* **Description of the task**
Copy exactly the lines of the data below that run from the line holding "106 Sir Lancelot AVE LaGrange, GA 30241" through the line holding "12184 Paw Paw", both ends included.
-------- Records shown
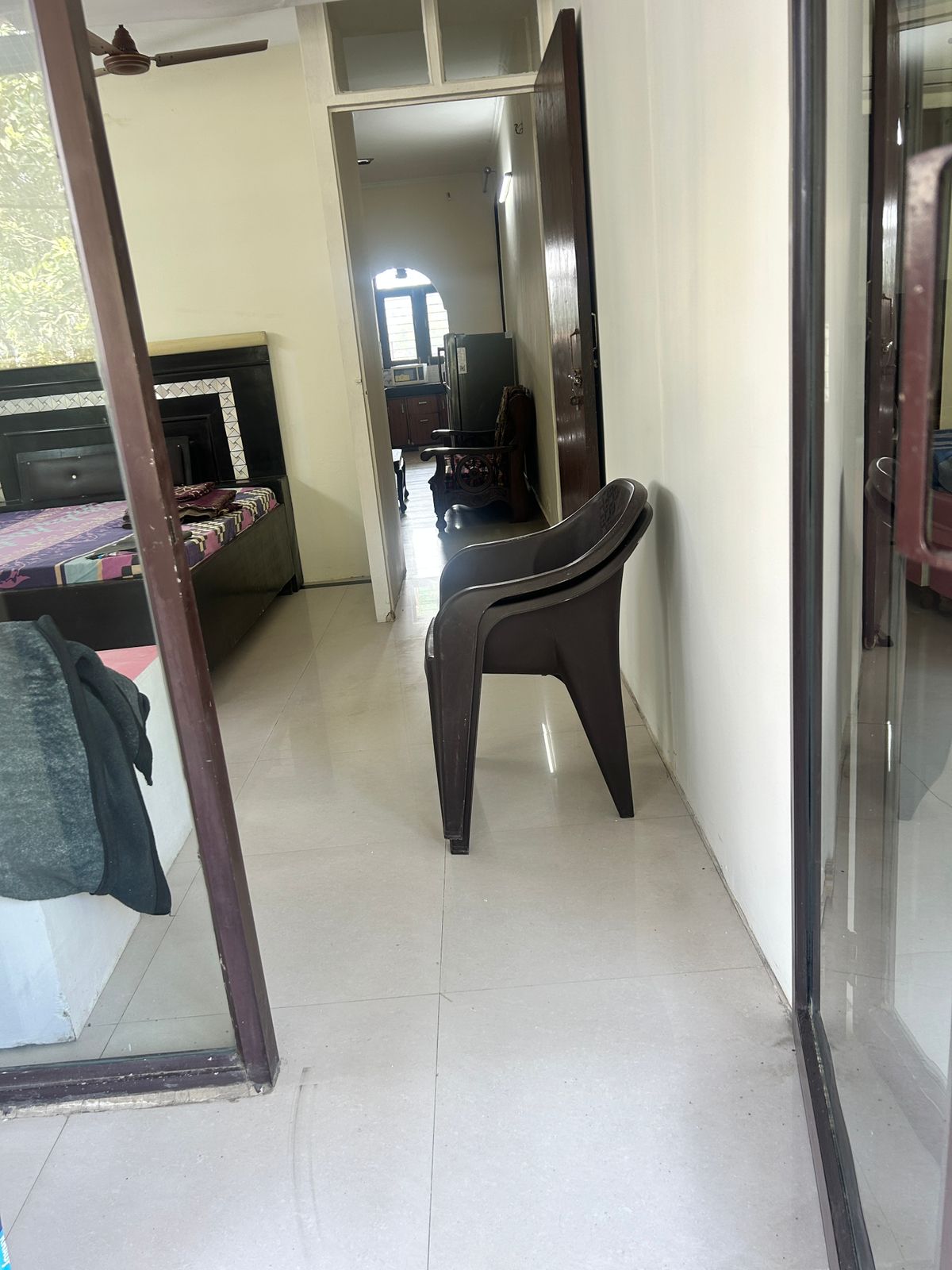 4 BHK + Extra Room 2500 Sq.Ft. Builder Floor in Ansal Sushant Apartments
----------------
-------- Records shown
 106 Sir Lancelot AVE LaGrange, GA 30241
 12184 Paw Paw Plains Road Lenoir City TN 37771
----------------
-------- Records shown
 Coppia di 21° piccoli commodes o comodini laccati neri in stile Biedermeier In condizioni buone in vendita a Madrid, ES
----------------
* **Response to the task**
 106 Sir Lancelot AVE LaGrange, GA 30241
 12184 Paw Paw Plains Road Lenoir City TN 37771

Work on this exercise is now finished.